A 30-mL syringe was filled with skim milk and inserted into a syringe pump (Perfusor Basic; B. Braun Medical, Bethlehem, PA). Flow rates were set in terms of the amount of time to empty the syringe. The slowest available settings were used in this experiment, keeping them within a range relevant to measurements in retinal vessels. Pump settings and resultant flow rates, mean velocities, and maximum velocities are listed in
Table 1 . Intravenous (IV) tubing connected the syringe within the pump to a glass capillary tube (internal diameter, 0.579 mm; Yankee 20λ disposable micropipette; Becton Dickinson, Parsippany, NJ) shallowly embedded in agarose gel. Intravenous tubing then carried the milk to a collection reservoir
(Fig. 1) . The orientation of the milk column within the three-dimensional (3D) scan data was used to determine the Doppler angle relative to the interrogating SD-OCT beam. All measurements were performed with the capillary tube in a single location, and the Doppler angle remained constant throughout the experiment.
All imaging was performed with a customized SD-OCT consisting of an anterior segment eye scanner and optics engine (Bioptigen, Research Triangle Park, NC) coupled with a 3-diode, 100-nm bandwidth broadband superluminescent diode (T-840; Superlum, Cork, Ireland). This configuration yielded a theoretical axial scan resolution of 3.5 μm in medium. CCD integration time was set at 35 μs, yielding an A-scan frequency of 28,571 Hz and a Nyquist limit of 14,285 Hz for Doppler shifts.
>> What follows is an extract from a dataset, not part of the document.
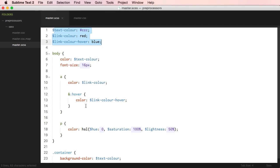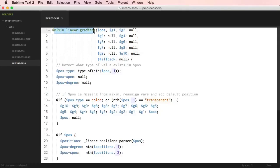Preprocessors allow you to use variables, functions, and nested rules. You can even do math operations. But the biggest advantage is that it saves you time. And because variables and functions are reusable, your code will be easier to maintain and more organized. Also, you can use code shared by other people — for example, a function that adds a gradient.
The velocity associated with this limit is a function of the center wavelength of the SD-OCT light source, the medium in which flow occurs, and the angle of the velocity vector relative to the SD-OCT beam
4 and is calculated as:
\[\mathrm{Velocity}{=}\ \frac{\mathrm{Doppler\ Frequency}{\times}\mathrm{Center\ Wavelength}}{2{\times}\mathrm{Refractive\ Index}{\times}\mathrm{Cos}(\mathrm{Doppler\ Angle})}\]
In water (refractive index, 1.33), and with velocity oriented perpendicularly into the beam (angle, 0; cosine(0), 1), an 870-nm centered light source sampled at 28,000 Hz has a Doppler velocity Nyquist limit of 4.58 mm/s.
4 Doppler shift measurements were recorded on a 16-bit scale. The center of the scale, 32,767, represents a Doppler shift of zero. Negative Doppler shifts were evenly distributed from 32,766 to 0, with 0 the negative Doppler Nyquist velocity. Positive Doppler shifts were evenly distributed from 32,768 to 65,535, with 65,535 the positive Nyquist Doppler limit. Thus,
Figures 2 and 3display Doppler samples with background noise fluctuating around 32,767 (0 Doppler). Doppler images were processed with ImageJ (1.38X; developed by Wayne Rasband, National Institutes of Health, Bethesda, MD; available at http://rsb.info.nih.gov/ij/index.html).
A density of 128 × 128 A-scans was spread over a 4 × 4 mm area, and each A-scan was 2 mm in length. Fifteen sequential stationary A-scans were obtained at each of the 128 × 128 positions, and Doppler shifts were calculated from temporal changes in phase.